A Saudi businessman donated $10 million to Yale Law School to establish what school officials hope will become the country’s top center for the study of Islamic law. Donor Abdallah S. Kamel is chief executive of the Dallah Albaraka Group, a banking and real estate enterprise. Yale officials said the Abdallah S. Kamel Center for the Study of Islamic Law and Civilization reflects a growing interest in Islamic law and culture.



Police in Gray case to be tried in Baltimore

Six police officers charged in the death of Freddie Gray, a 25-year-old black man who suffered a fatal spinal cord injury in police custody, will be tried in Baltimore. In making his decision to keep the trial in the city, Judge Barry G. Williams said that defense lawyers had not met the constitutional burden for relocating the trial. The city agreed this week to pay the Gray family $6.4 million to settle an expected lawsuit in his April death.

Washington, D.C.

Former Clinton aide refuses to testify

A former State Department employee who helped set up and maintain Hillary Rodham Clinton’s private e-mail server refused to testify to a House committee. Bryan Pagliano appeared briefly before a House committee investigating the 2012 Benghazi attacks.



Arrest made in Missouri bomb plot

Joshua Goldberg of Orange Park, was accused of telling a federal informant to plant a bomb at a Kansas City, Mo., event commemorating the Sept. 11, 2001, attacks.


Coalition escalates ground offensive

A Saudi-led coalition battling Shiite insurgents is escalating its ground offensive, amassing troops from several countries in recent weeks in a region that is within striking distance of the country’s rebel-held capital, Sanaa.



Warning of an imminent civil war

The leader of Turkey’s main pro-Kurdish political party, Selahattin Demirtas, warned that the country was on the verge of full-blown civil war between state forces and militant Kurdish separatists.

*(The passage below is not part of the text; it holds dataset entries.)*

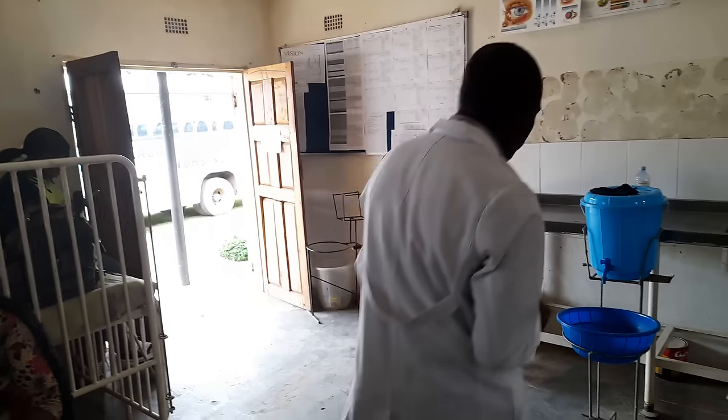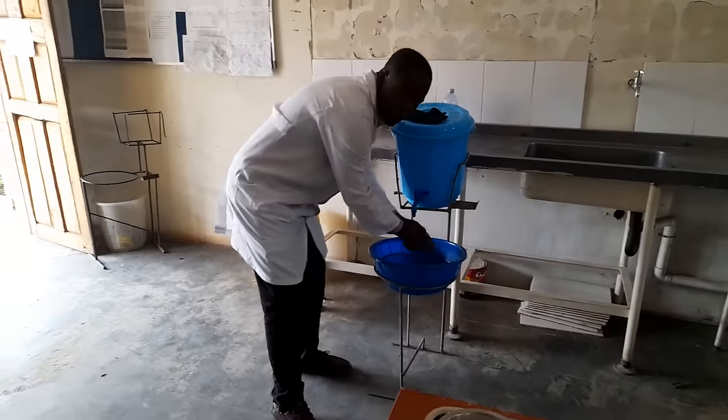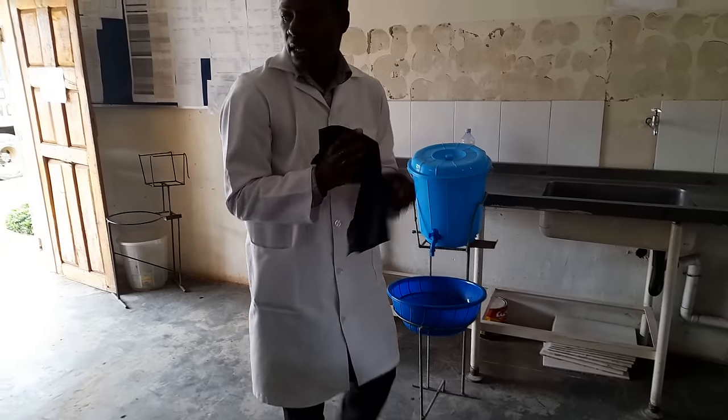The last part is to do hand washing again. Wash your hands with soap, then dry your hands. Thank you very much, and keep practicing. I know it's challenging to use a mercury sphygmomanometer, but keep practicing. Thank you.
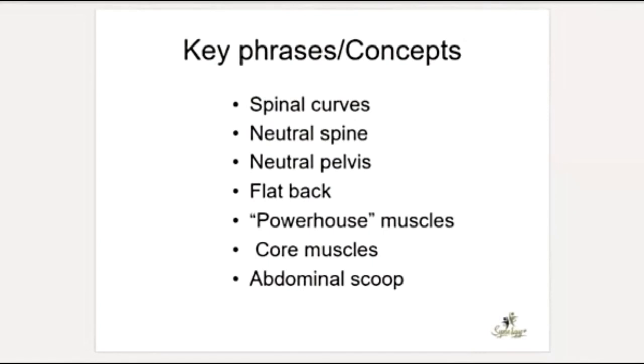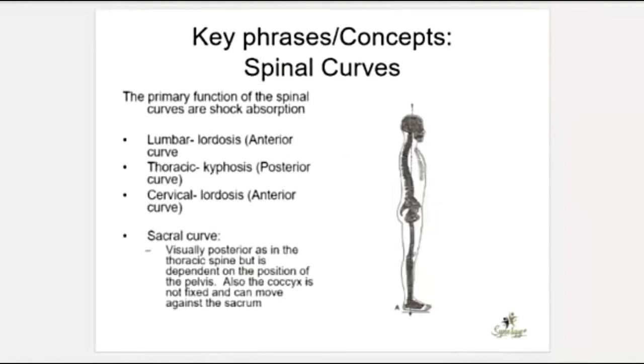Key concepts and phrases: we'll talk about spinal curves, neutral spine, neutral pelvis, flat back, the powerhouse, core muscles, and abdominal scoop. Reviewing spinal curves: we have lumbar lordosis — a little arching in the lumbar spine — thoracic kyphosis going forward in the thoracic spine, and cervical lordosis. The sacral curve mimics the thoracic curve. That's ideally how the curves should sit in the body.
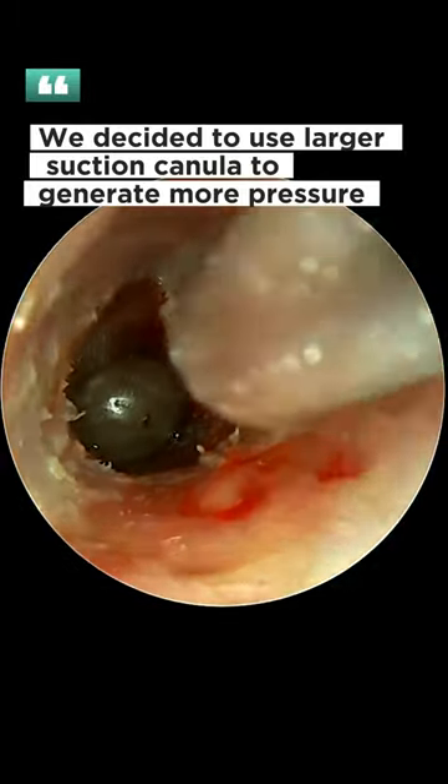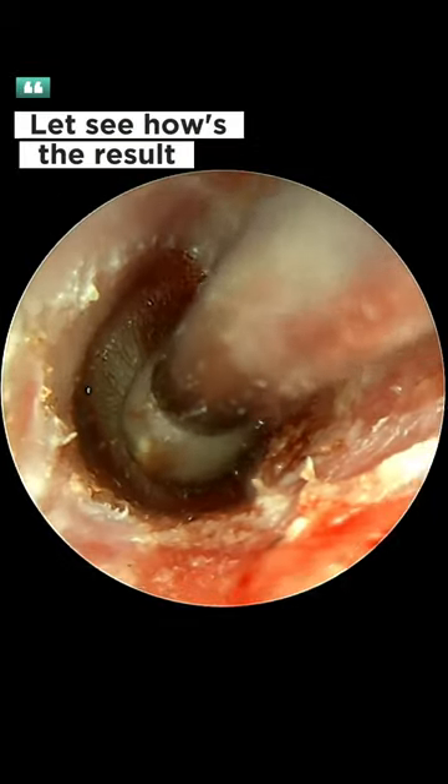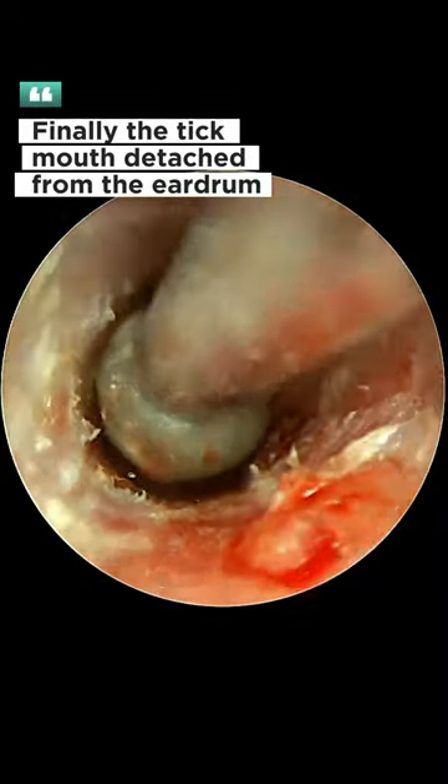We decided to use a larger suction cannula to generate more pressure. Let's see how's the result. Finally, the tick's mouth detached from the eardrum.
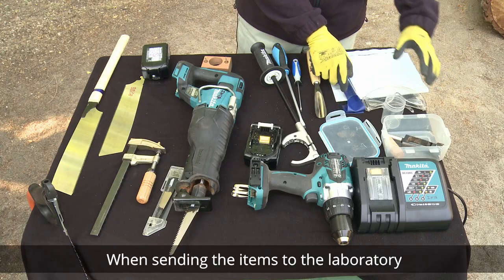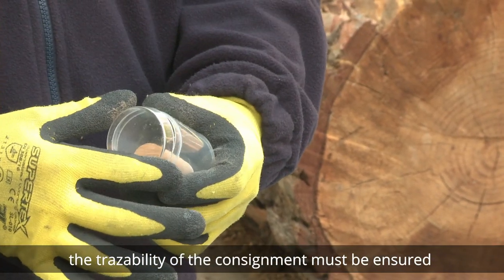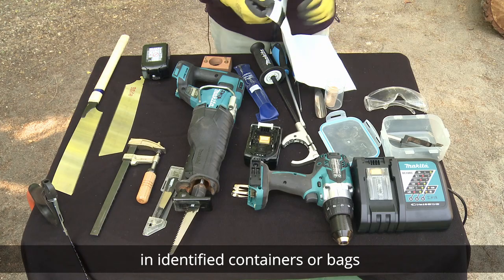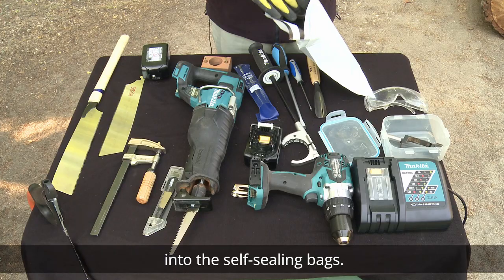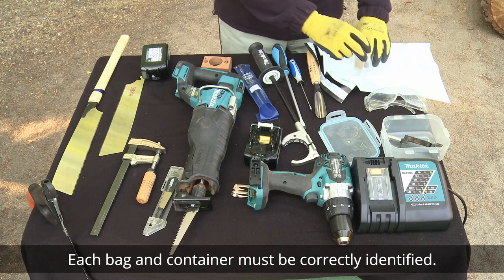When sending the items to the laboratory, the traceability of the consignment must be ensured. For this purpose, place the wooden stoppers in identified containers or bags, and then in sealable bags. All other parts may be placed directly into the self-sealing bags. Each bag and container must be correctly identified.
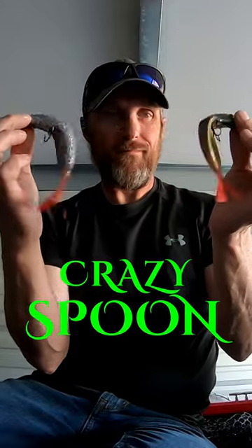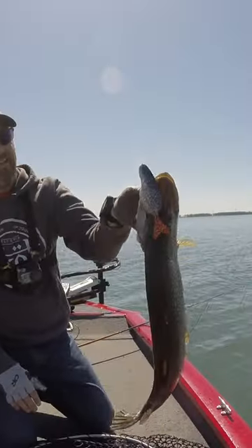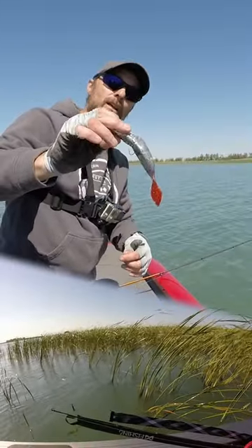As crazy as it looks, it actually works. That is a beautiful fish — there it is on the crazy spoon. You can cast this thing in the weeds.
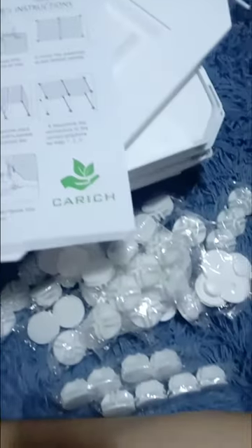Checking the item. I'm reading the instruction to assemble the stuff.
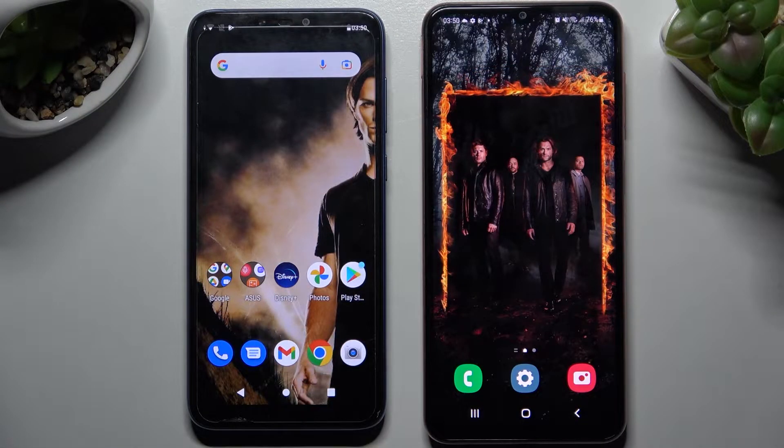Hi! Today I would like to show you how you can transfer files from an Asus device to Samsung Galaxy M14.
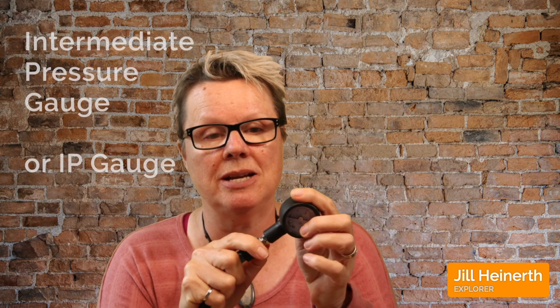This is how we actually find out. Put your first stage scuba regulator onto a full scuba tank, then insert this intermediate pressure gauge into your inflator whip, and take a few breaths.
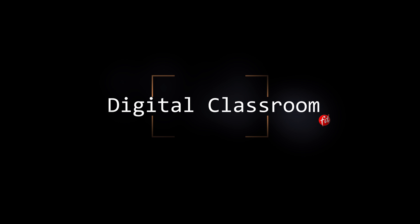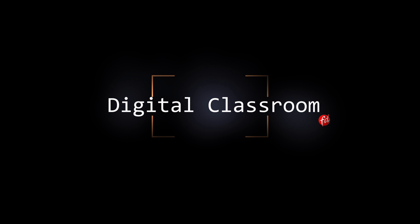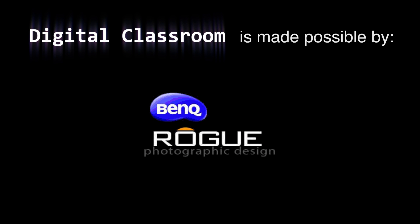Hey guys and welcome to another episode of Digital Classroom, made possible by BenQ and Rogue. Today a topic that gets asked a lot: how about calibration, and how to do it?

Annual celebration of hero turns bloody

The annual celebration of Afghanistan’s official national hero, Ahmed Shah Massoud, descended into violence and ethnic tensions as his armed supporters began marauding through the streets, officials said. At least two people were killed and at least five were wounded. Heavily armed young men — mostly from Massoud’s native Panjshir Valley — tried to attack neighborhoods belonging to rival ethnic groups. Massoud was a leader of the mujahedeen resistance against the Soviets and, later, the Taliban. He was the leader of the Northern Alliance at the time of his 2001 assassination.